Special thanks to Francis Wade of 2TimeLabs for his sharing his expertise.
Though women and men have the same amount of time, women seem to manage more time demands and have developed more skillful time practices to grapple with perceived “time scarcity,” according to detailed time-use studies by New South Wales’s Lyn Craig and Janeen Baxter of University of Queensland.
They found that working mothers invest more hours taking care of children and doing housework than their working husbands.
This finding validates the idea that women do a “Second Shift” of work – at home and at the office, described by University of California Berkeley’s Arlie Hochschild.
Personal anecdotes from of women stretched between “two shifts” validate these research findings, distilled in journalist Brigid Schulte’s popular Overwhelmed: Work, Love, and Play When No One Has the Time.
To grapple with time demands that may seem to outweigh available time resources, women typically engage in significantly more mechanical time management behaviors like planning, listing, and scheduling, found University of Missouri’s Therese Macan, Comila Shahani of Hofstra University and Robert Dipboye of University of South Florida, who developed the Time Management Behaviors (TMB) inventory
Many, but not all, gender differences appear to hold across countries and cultures: Like Macan’s team, Karadeniz Technical University’s Abdülkadir Pehlivan noted that women use more listing, planning and programming than men.
In contrast, male volunteers said they feel more in charge of their time management behaviors, even when they don’t employ the same systematic time procedures as women.
However in a U.S. investigation, females reported better perceived “control” of time, based on using “mechanical” techniques like setting and prioritizing goals as well as planning, reported West Virginia University’s Ranjita Misra and Michelle McKean.
In addition, women said they organize tasks and workspaces more frequently than men.

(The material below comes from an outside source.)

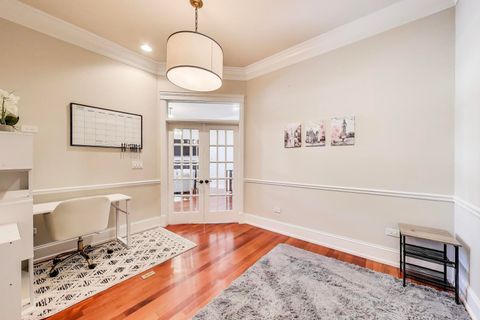 Tiny photo for 2401 N Janssen Avenue #402, Chicago, IL 60614 (MLS # 12450831)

Despite this efficiency, women paid a price with higher anxiety and lower leisure satisfaction, which may explain the need to develop improved practices.

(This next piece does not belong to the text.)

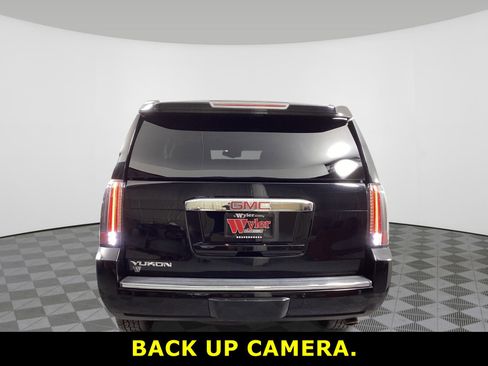 Used 2016 GMC Yukon Denali w/ Open Road Package image 5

Males, in contrast, reported more leisure activities and less anxiety.
In addition, Australian Time Organisation and Management Scale (ATOMS), developed by University of Western Sydney’s Tanya Covic Meade, B.J. Adamson, M. Lincoln and P.L. Kench revealed that 71% of women volunteers recognize this gender difference in time practices: Women respondents and Meade’s team concluded that “females may be better at carrying out behavioral activities associated with time management, such as making lists and keeping a diary.”
Another study found that female student volunteers reported considerably greater use of time “management” skills than male students in a five-year investigation by Keele University’s Mark Trueman and James Hartley and in similar research by Al Ain University of Science and Technology Ahmad Saleh Al Khatib.

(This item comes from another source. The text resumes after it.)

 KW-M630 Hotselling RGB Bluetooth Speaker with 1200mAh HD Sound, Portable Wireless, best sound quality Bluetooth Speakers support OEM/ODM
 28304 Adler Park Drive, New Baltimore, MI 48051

These gender differences also persisted in specific working environments such as nursing in University of Istanbul’s study by Hatice Kaya with Nurten Kaya, Aylin Öztürk Palloş, Leyla Küçük, which found that female students were able to manage their time better than male students.
Because time is a limited and valuable resource, Uludag University’s Jale Eldeleklioglu suggested the life skill of time “management” should begin at a young age in school: ” …male students’ time management skills are not as developed as female students’ (so we need) more programs to reduce anxiety and improve students’ time management skills.”
-*What differences have you observed in the ways that women and men interact with available time?
-*What practices have you found beneficial in managing time demands?